> _Exercise details_
Exactly as they appear, copy the lines from the one holding "Smooth Buttercream And" through the end of the records, leaving pictures out.

> _Entries provided_
################

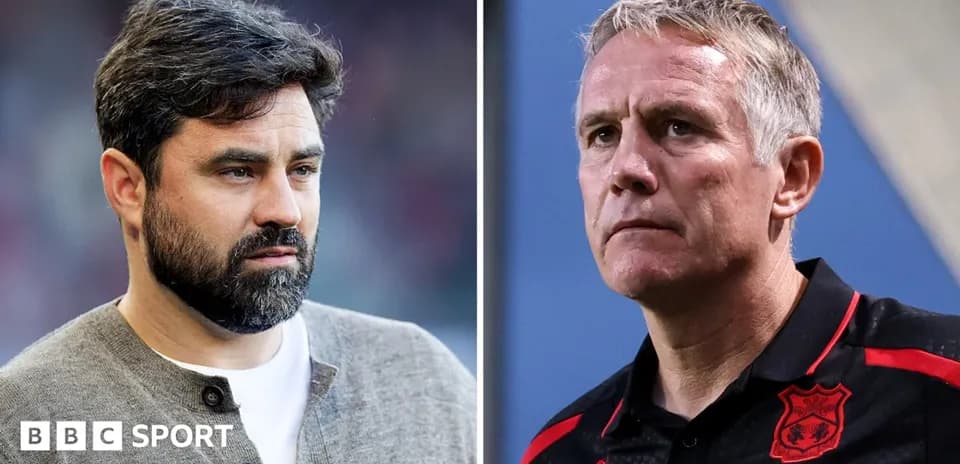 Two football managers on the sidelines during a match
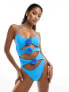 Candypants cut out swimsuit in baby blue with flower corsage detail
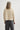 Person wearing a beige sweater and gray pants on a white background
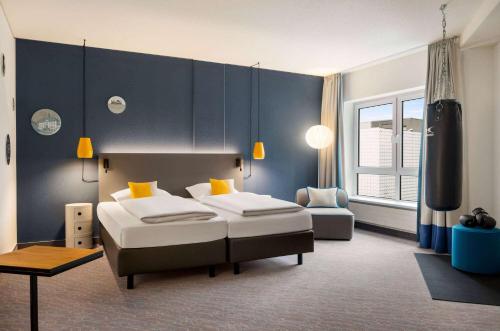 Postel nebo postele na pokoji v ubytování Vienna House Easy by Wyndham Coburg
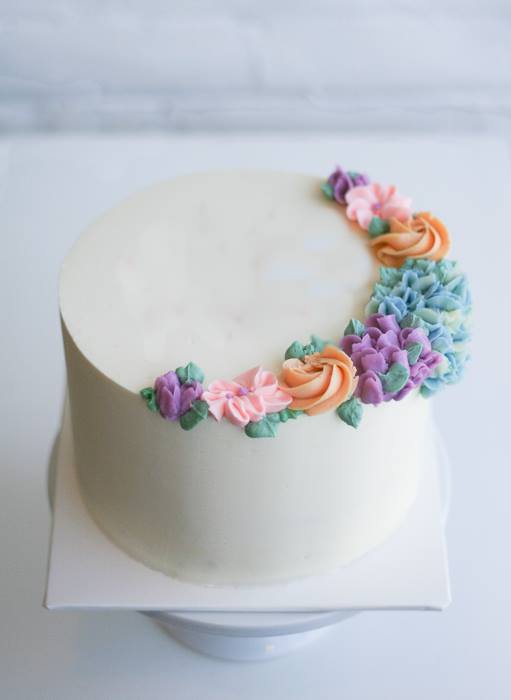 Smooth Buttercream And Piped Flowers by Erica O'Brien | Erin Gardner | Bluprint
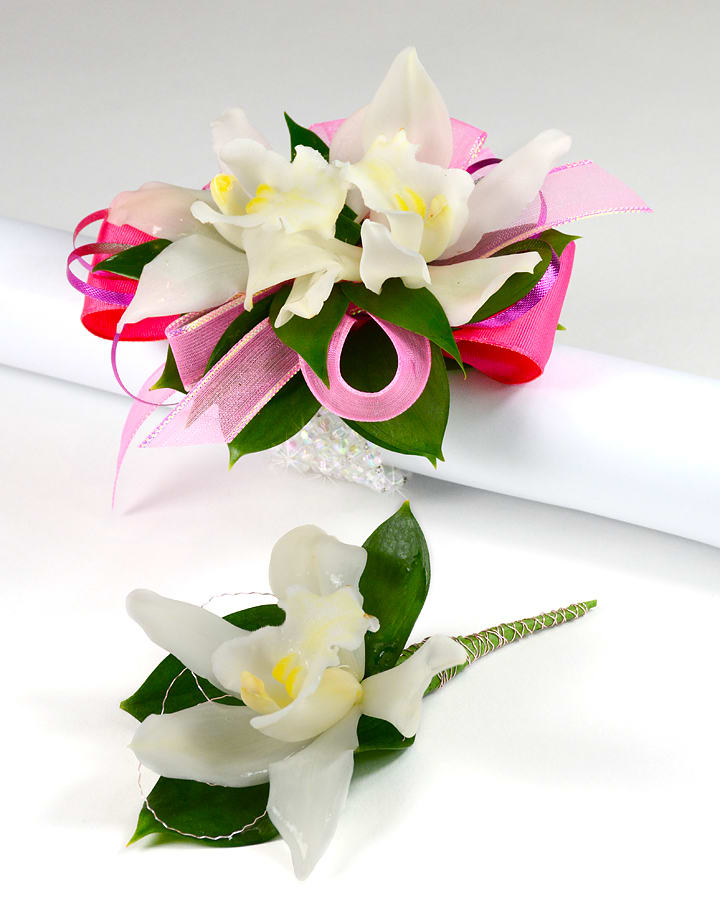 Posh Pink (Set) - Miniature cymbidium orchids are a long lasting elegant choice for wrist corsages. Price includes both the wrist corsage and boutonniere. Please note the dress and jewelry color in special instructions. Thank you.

################

> _Output_
 Smooth Buttercream And Piped Flowers by Erica O'Brien | Erin Gardner | Bluprint
 Posh Pink (Set) - Miniature cymbidium orchids are a long lasting elegant choice for wrist corsages. Price includes both the wrist corsage and boutonniere. Please note the dress and jewelry color in special instructions. Thank you.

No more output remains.